I’m always a little bit behind the crowd when it comes to the early pair of annual publications that brighten baseball’s offseason, because I wait and ask for them as Christmas gifts. This year, I was a bit later even than that, because I didn’t actually ask for the books as gifts this year, so I didn’t get them. I went out and bought The Bill James Handbook 2015 on Dec. 29, though, and I’ve already rifled through it once, so I now offer my review. (I’ll review The Hardball Times 2015 Baseball Annual in short order, once Amazon gets my copy out to me. That should happen this week.)
The Bill James Handbook is colossally misunderstood, and so, underrated. It’s a data dump, that’s true, and because it’s a data dump, people tend to sneer at it. That’s misguided. The way most people use the book is also wrong; this is not a reference book. It should be read as completely and as thoroughly as possible, preferably from beginning to end, and it should be read with a pen in hand.
That’s because, while the Handbook is loaded with data and has precious little in the way of analytical writing or prose, it’s an expository work. The book kicks off with its three new sections (they try to add something every year, and each addition is an attempt to make the book a bit more representative of what it is we know, exactly, about baseball), each authored by James himself. (One thing you should know is that much of the book, to the extent that it’s written by anyone, is written by people other than James.

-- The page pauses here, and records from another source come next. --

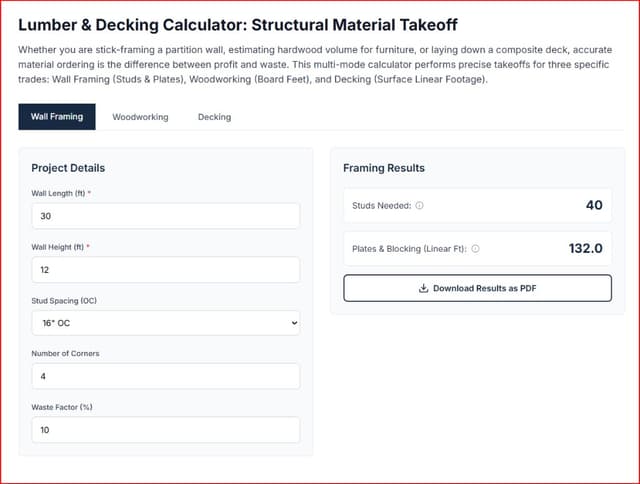 How to Calculate Framing Lumber: Studs, Plates & Blocking Math ...
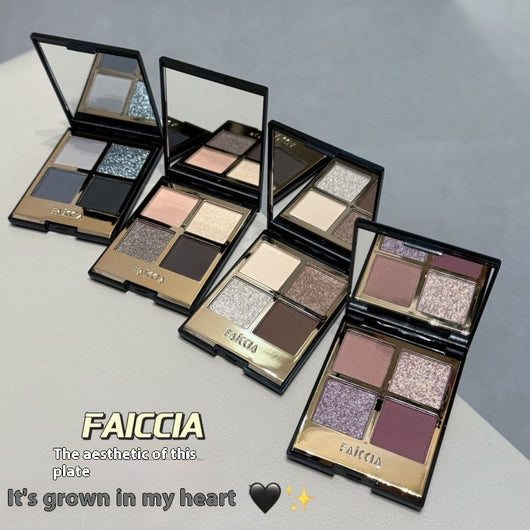 Paleta de Sombras Eyeshadow 4 Colores Tierra Ahumado Mate - Image 3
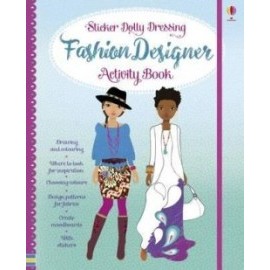 Sticker Dolly Fashion Fashion Designer Activity Book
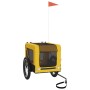 Remolque bicicleta mascotas hierro tela Oxford amarillo negro de vidaXL, Cochecitos para mascotas - Ref: Foro24-93924, Precio...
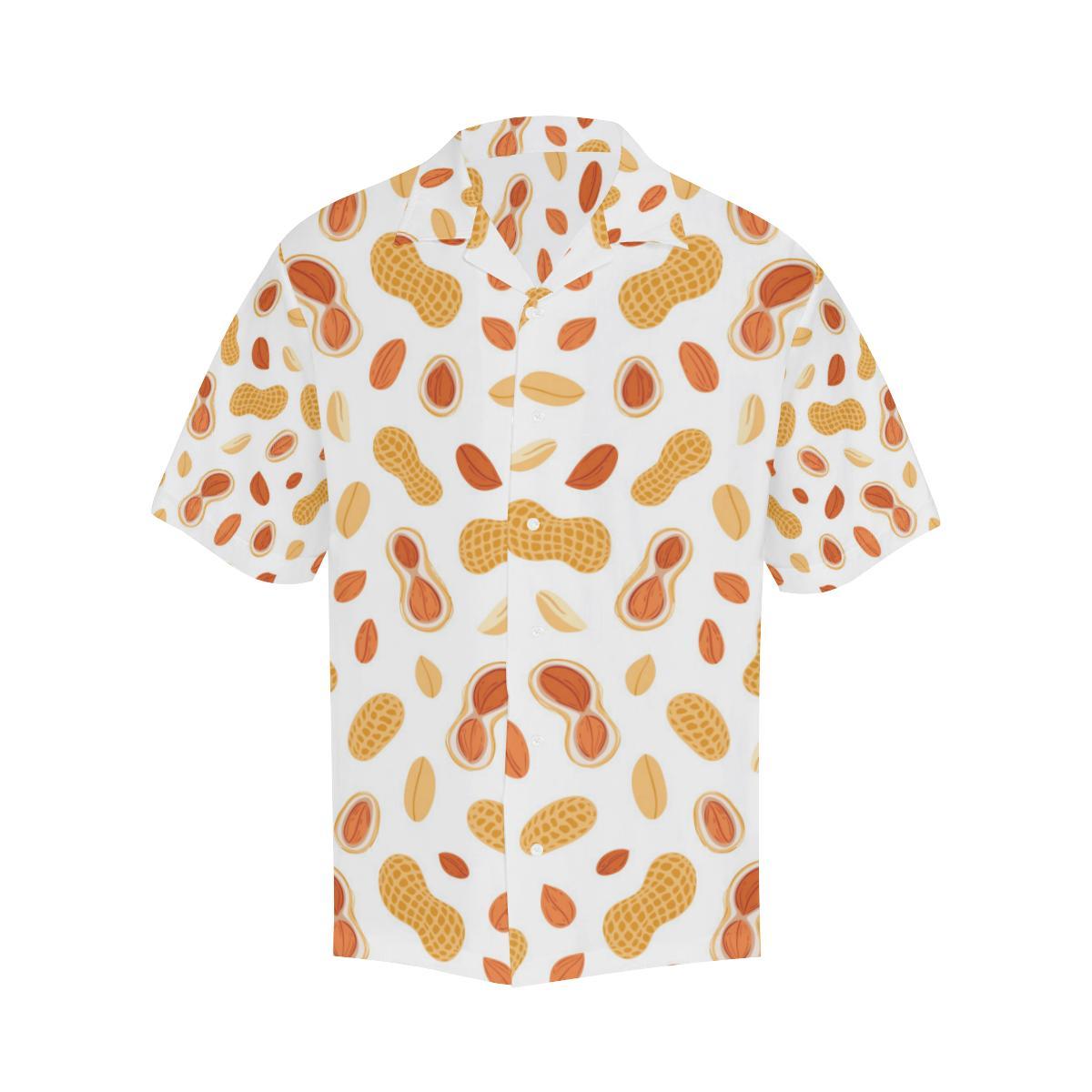 Peanuts Pattern Mens All Over Print Hawaiian Shirt
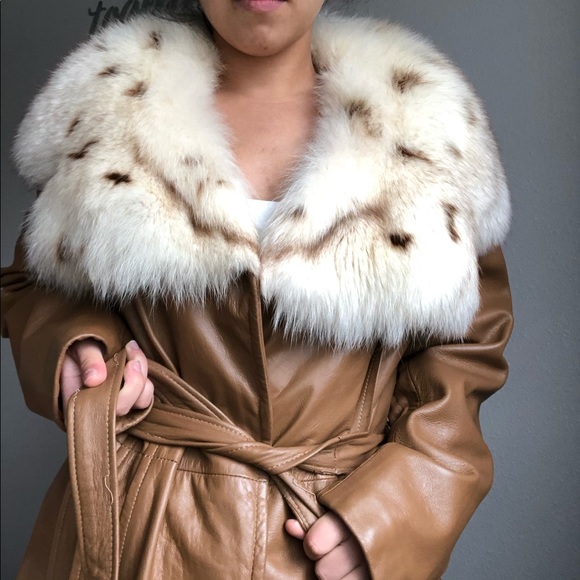 Vintage 24k Leather By Dan di modes Carmel Coat - Picture 4 of 8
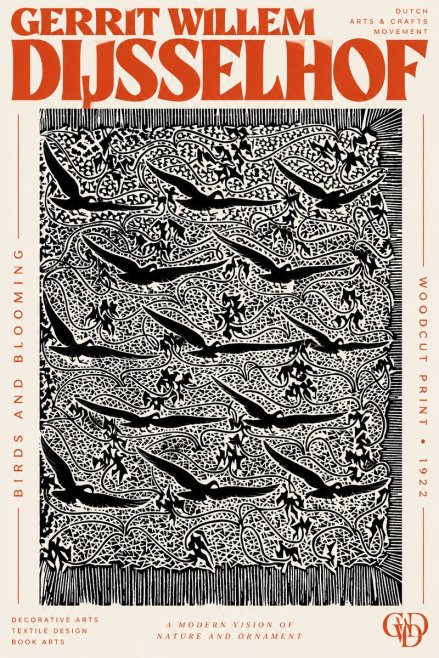 Gerrit Willem Dijsselhof Decorative Design No3 - Poszter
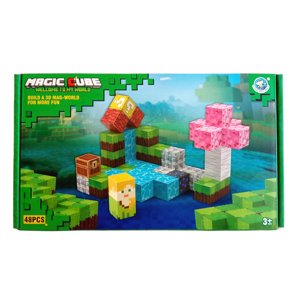 Toybit Magnetická stavebnice Minecraft Magic cube 48ks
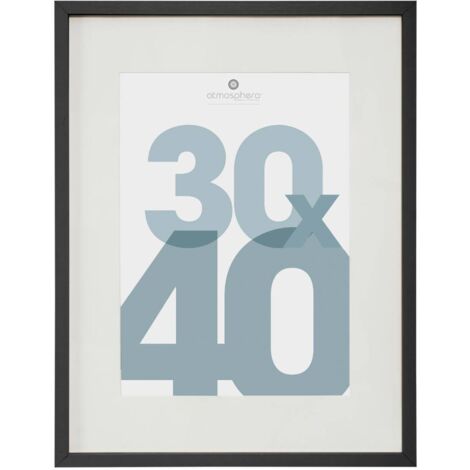Fotorahmen Manu - Holz und Glas - schwarz - 30x40 cm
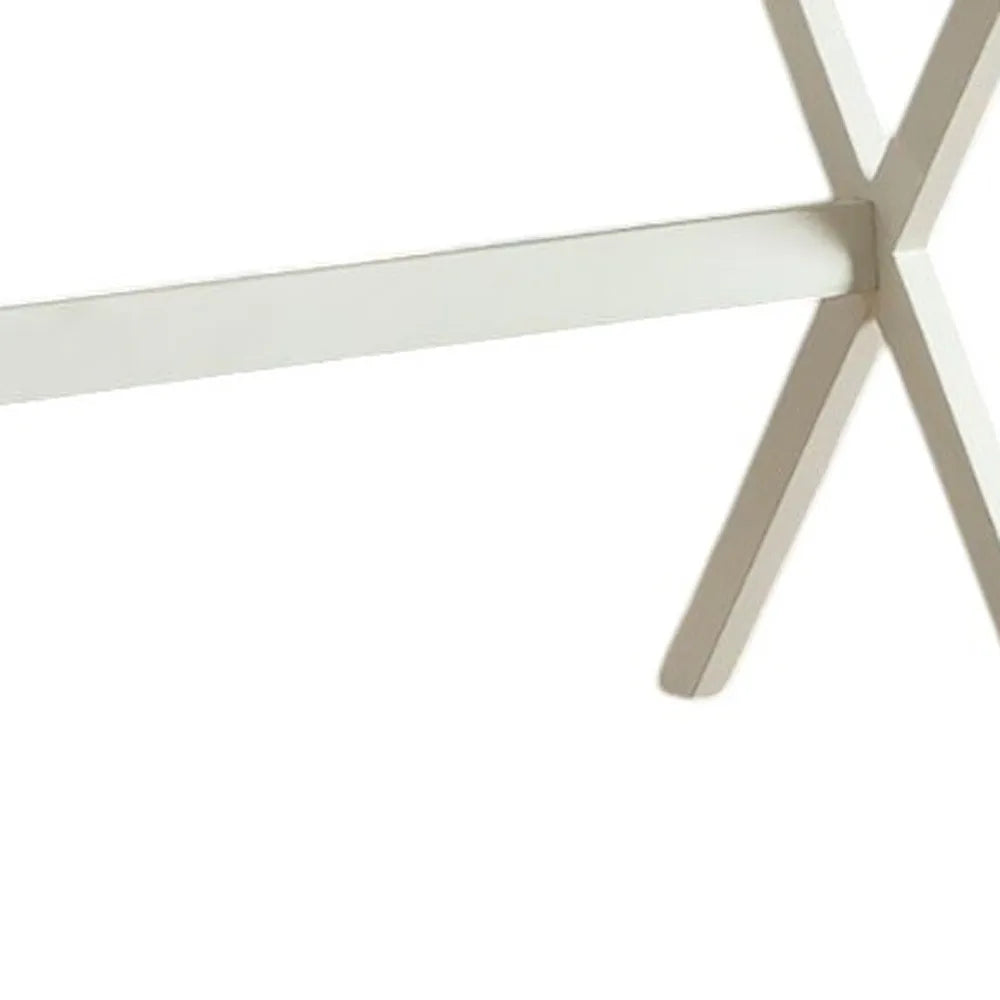 HMS 34" Antiqued White Solid Wood Flip Top Desk - Loft&Timber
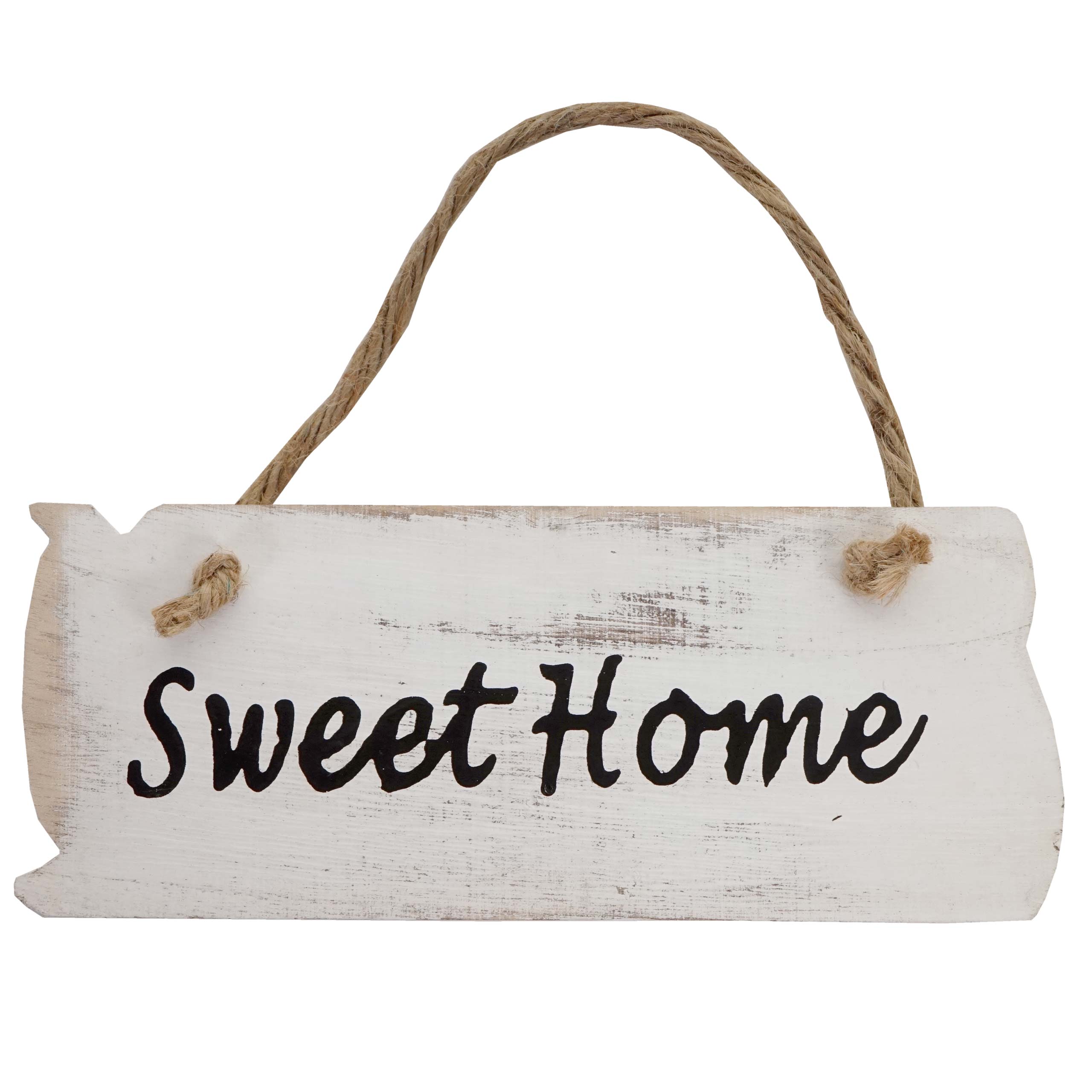 Wandschild My Own Place, Dekoschild Holzschild, Shabby-Look 10x25x1cm ~ weiß
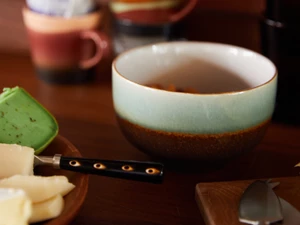 HKLIVING 70s Ceramics: Noodle Bowls - Geyser - Set of 4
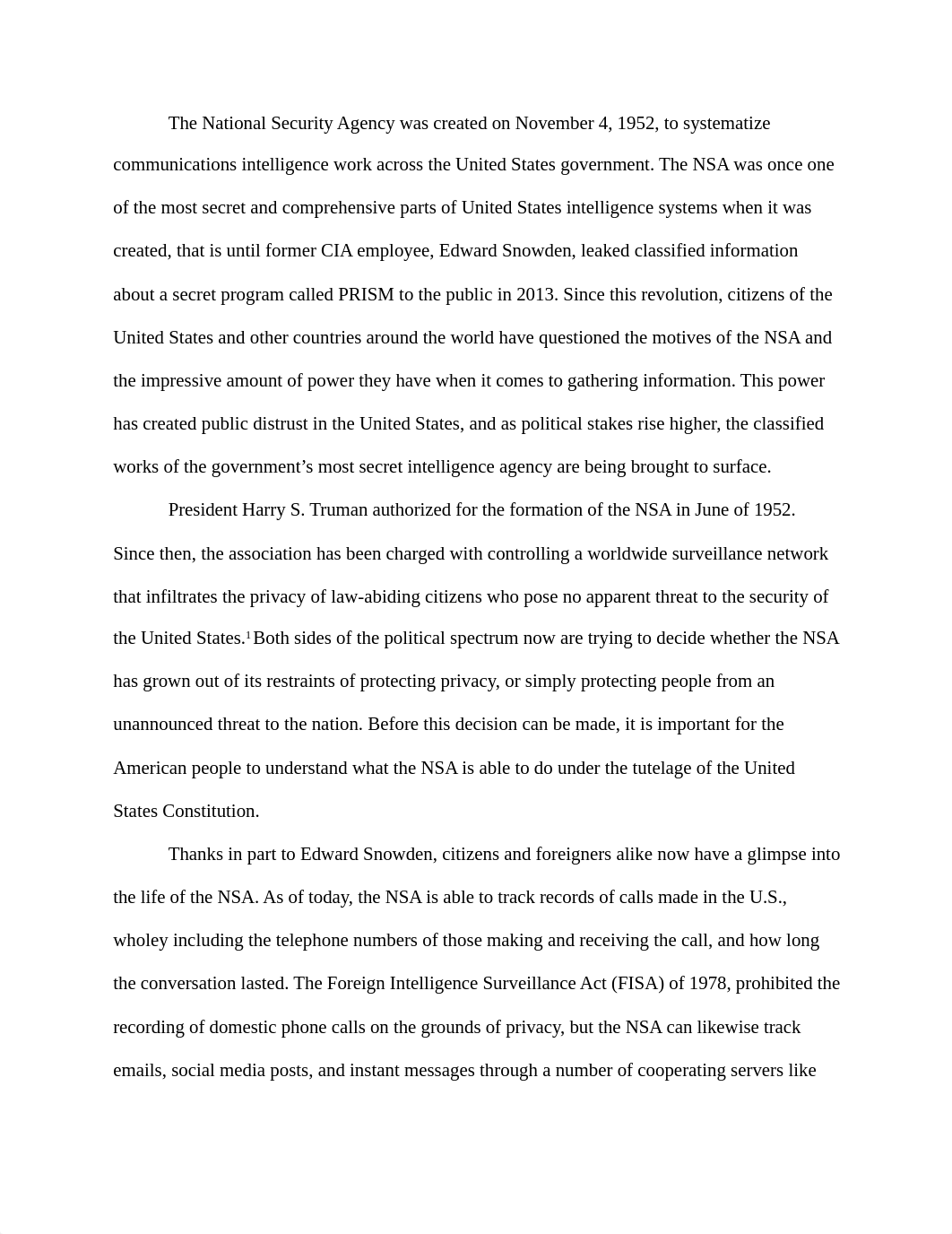 Public Distrust in the NSA National Security Agency Research Paper_dtlhiu99i09_page2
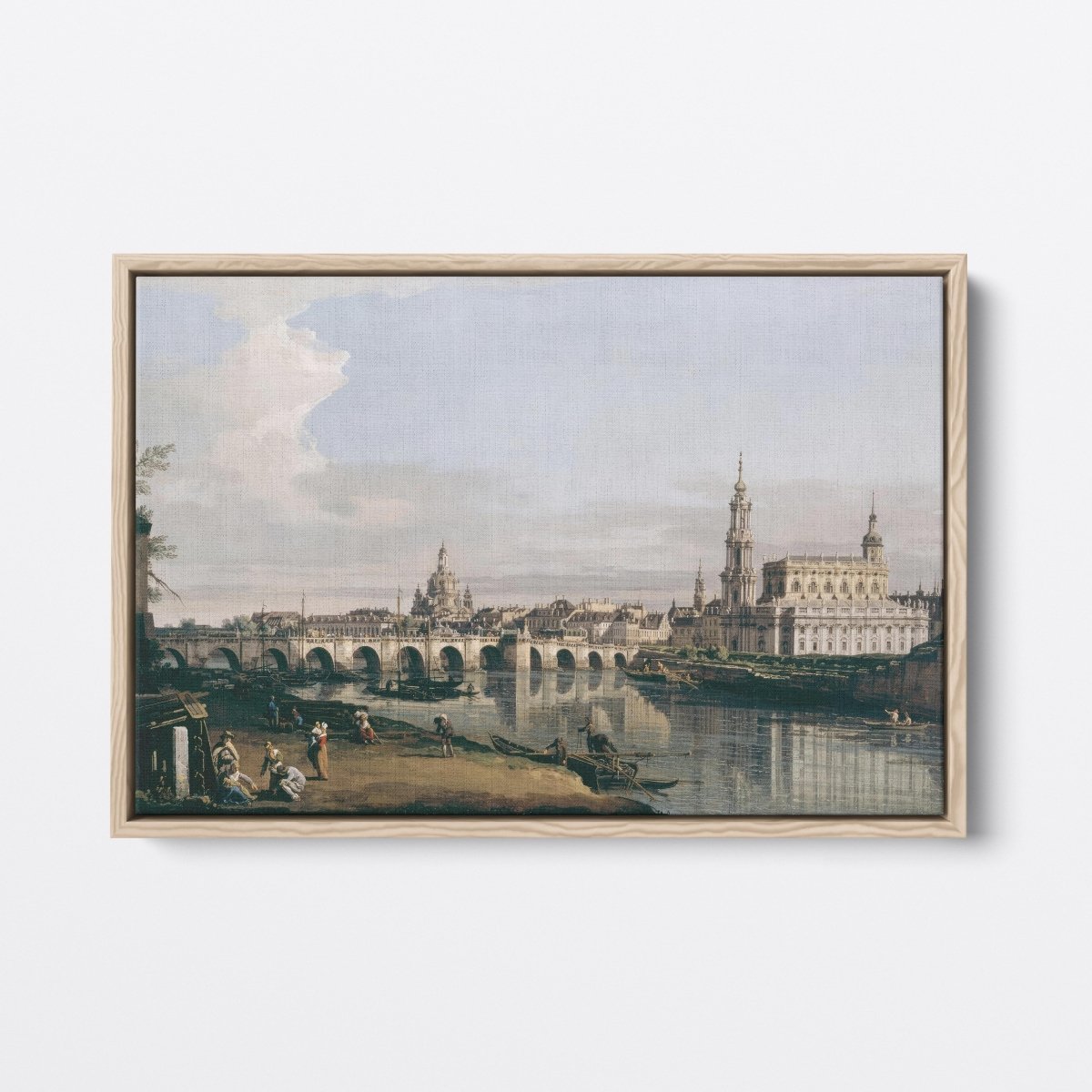 Right Bank of the Elbe | Bernardo Bellotto | Ave Legato Art Prints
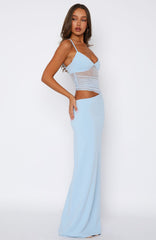 Call Me Up Maxi Dress Blue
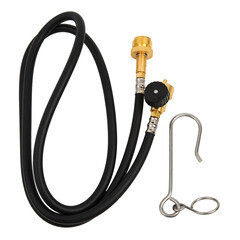 Изображение товара Шланг газовый Turbojet с резьбовым соединением CGA600 черный d18 мм 150 см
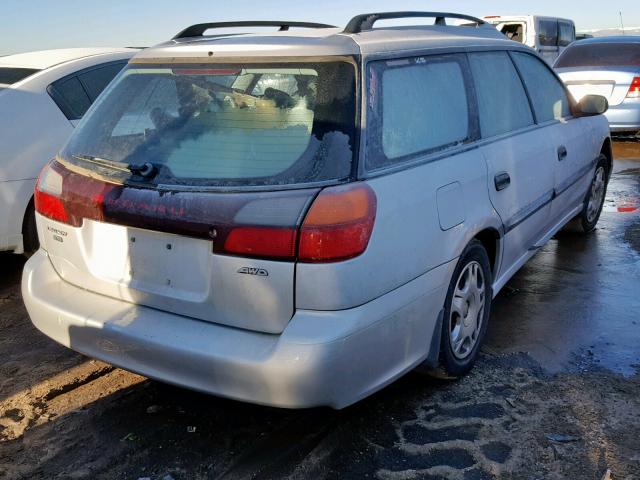 4S3BH635826310702 - 2002 SUBARU LEGACY L GRAY photo 4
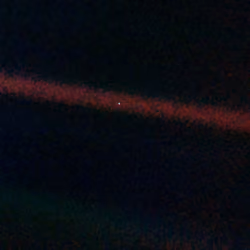 Pale blue dot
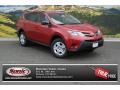 Barcelona Red Metallic 2013 Toyota RAV4 LE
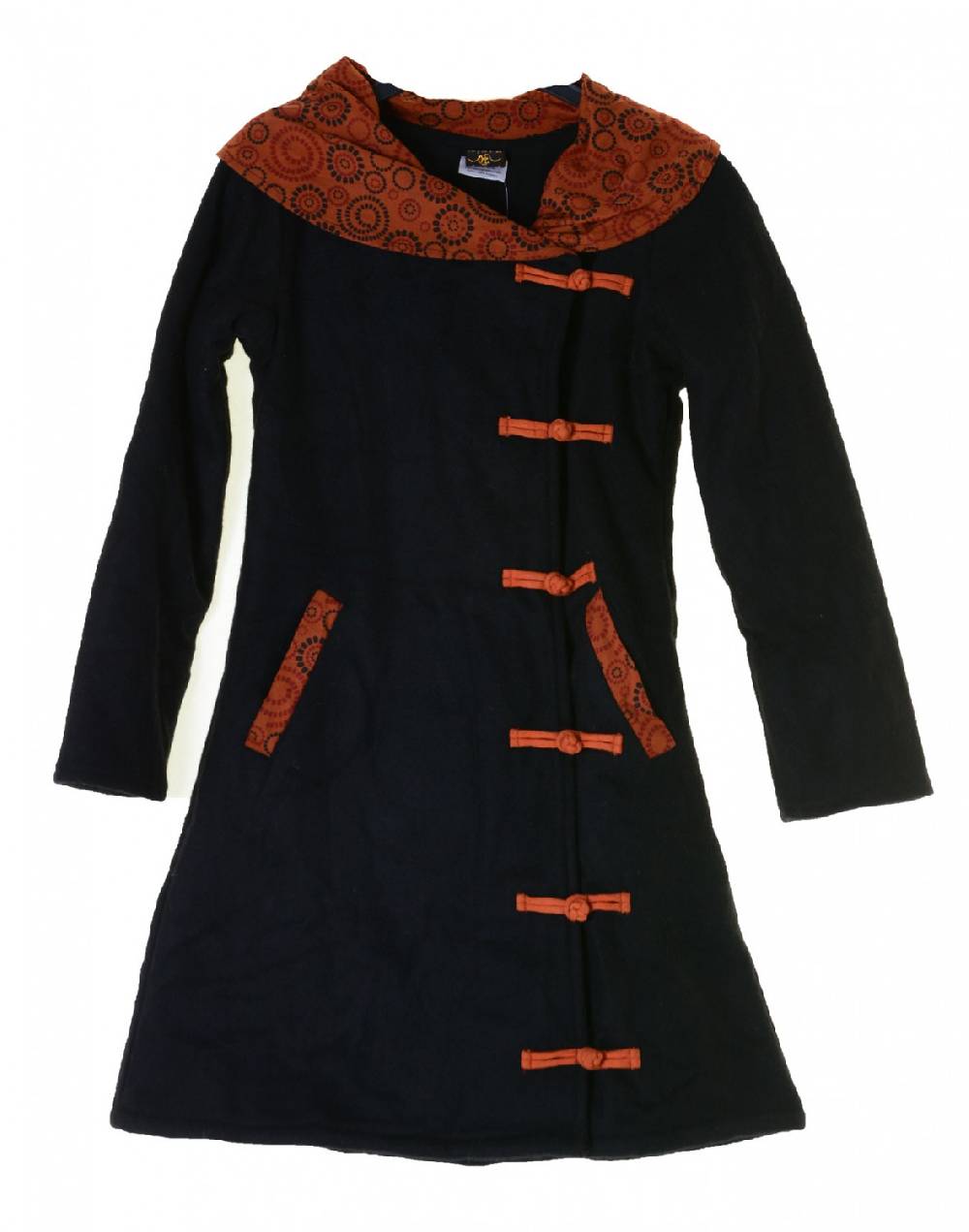 Kunst Und Magie Wollmantel Jacke Mantel Goa Psy Hippie Boho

It’s a cooperative work, with Baseball Info Solutions.) This year, those cover Starting Pitcher Rankings, a James concoction that has gained traction on his website in the last year; pitcher velocity trends by season; and Defensive Runs Saved by season.
The pitcher rankings are fascinating, and a fun way to parse the thin differences between so many pitchers and pitching staffs. The system, which James details within the essay, blends recency and career accomplishment to really craft an estimate of who the best pitchers in the game are at any given moment. It’s imperfect and imprecise, of course, but I find it effective, as a blunt instrument.
Travis Wood saw his ERA balloon nearly two runs in 2014, relative to his breakout 2013 campaign:
Year | Age | Tm | W | L | GS | IP | H | R | ER | HR | BB | SO | BF | ||||
---|---|---|---|---|---|---|---|---|---|---|---|---|---|---|---|---|---|
2013 ★ | 26 | CHC | 9 | 12 | 3.11 | 32 | 200.0 | 163 | 73 | 69 | 18 | 66 | 144 | 821 | 124 | 3.89 | 1.145 |
2014 | 27 | CHC | 8 | 13 | 5.03 | 31 | 173.2 | 190 | 110 | 97 | 20 | 76 | 146 | 781 | 76 | 4.38 | 1.532 |
How much should the off year color one’s evaluation of Wood (who has always been tough to peg, given his size and skill set)? There are many answers, but the rankings offer one: Wood began the season 45th, and finished it 85th, implying that he fell from a comfortable place among the league’s better second-tier arms to a soft number-three profile.
A few critiques of the method:
- It’s entirely predicated on results, using James’s old invention, the Game Score. I love Game Scores, for their granularity, their simplicity and the vital nature of that which they capture, but they are, themselves, a blunt instrument. Adjustments are made, but only to even out contextual imbalances and punish players for missing time with injury—not for obvious cases where results don’t match performance, or where some non-statistical data could and should change the player’s standing.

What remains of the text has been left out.